Originally posted on Entertained Organizer. Become a fan on Facebook!
I've been in a bit of an introspective mood lately, and have been giving some thought to what in our worldview fundamentally divides Republicans and Democrats. And it finally hit me:
Republicans believe that yesterday was better than today, and Democrats believe that tomorrow can be better than today.
I don't mean this as a sarcastic jibe or as a dismissive putdown. Central to the conservative message is the idea that things were better some unspecified period of time ago. For some it is probably as short as a few years ago under President Bush before Obama got elected, for more it was probably the 1980s under Reagan, and still others yearn for a mythical 1950s that never really existed. This fetishizing of the past is probably most apparent in the Religious Right's cries of "the moral decline of America" and "the destruction of the nuclear family." But it's not constrained only to the socially conservative. When the call goes out to combat "job killing overregulation" it is inherently a call to return to a simpler time before such regulations were put in place. Whether socially or economically, Republicans tell us, the only way for things to get better is for us to go back.
And that's where we part ways, because there's a reason that Democrats are called "progressives." We view our history not as a mythical paradise to which we yearn to return but as the ongoing story of our nations struggle to improve itself. Because when I hear talk of the moral decay of America, I don't think "they're right, gay people marrying is going to ruin everything," instead I remember that in the 80s we ignored the AIDS epidemic, in the 60s segregation was the law, before that lynchings were common, further back we had racial slavery, and all I can think is "surely we are better now." When I hear corporate lobbyists decrying regulations I remember that before regulations were put into place to stop them their bosses sold tainted food, employed child labor, and chained workers inside burning factories. I remember that preceding the passage of these "burdensome" regulations their was inevitably some disaster, humanitarian or financial, large or small, caused inevitably by greed, that it was designed to prevent from happening again. And I think "surely we are better now."
And more I think "can't it be better still?" A black man is 3.5X more likely to receive the death penalty compared to a white man for the same crime. Women still receive .77 cents on the dollar for the same work. The wealthy can still crash the global economy in unregulated markets in the quest for even greater wealth. Surely we can do better than that. And that's what the Democratic Party fights for.

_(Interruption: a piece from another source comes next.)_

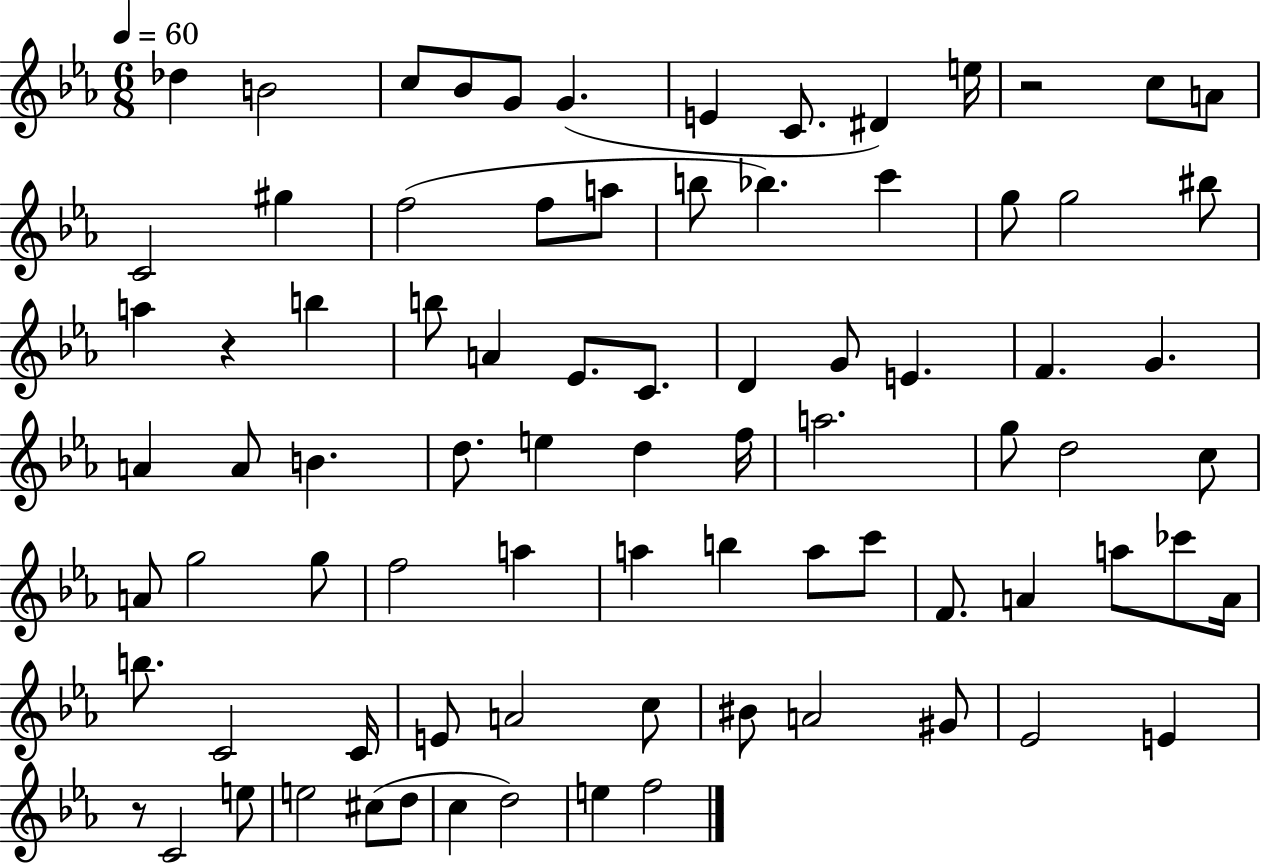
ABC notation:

While beloved by the Right, the Founding Fathers are not much listened to. The put in the preamble to the Constitution our nation's purpose:
We the People of the United States, in Order to form a more perfect Union, establish Justice, insure domestic Tranquility, provide for the common defense, promote the general Welfare, and secure the Blessings of Liberty to ourselves and our Posterity, do ordain and establish this Constitution for the United States of America.
They knew then what we know now: we are a great nation, but not a perfect one. Indeed our job is to become "a more perfect union," to do better than those who came before us, to learn from our mistakes.
I believe that tomorrow can be better than today.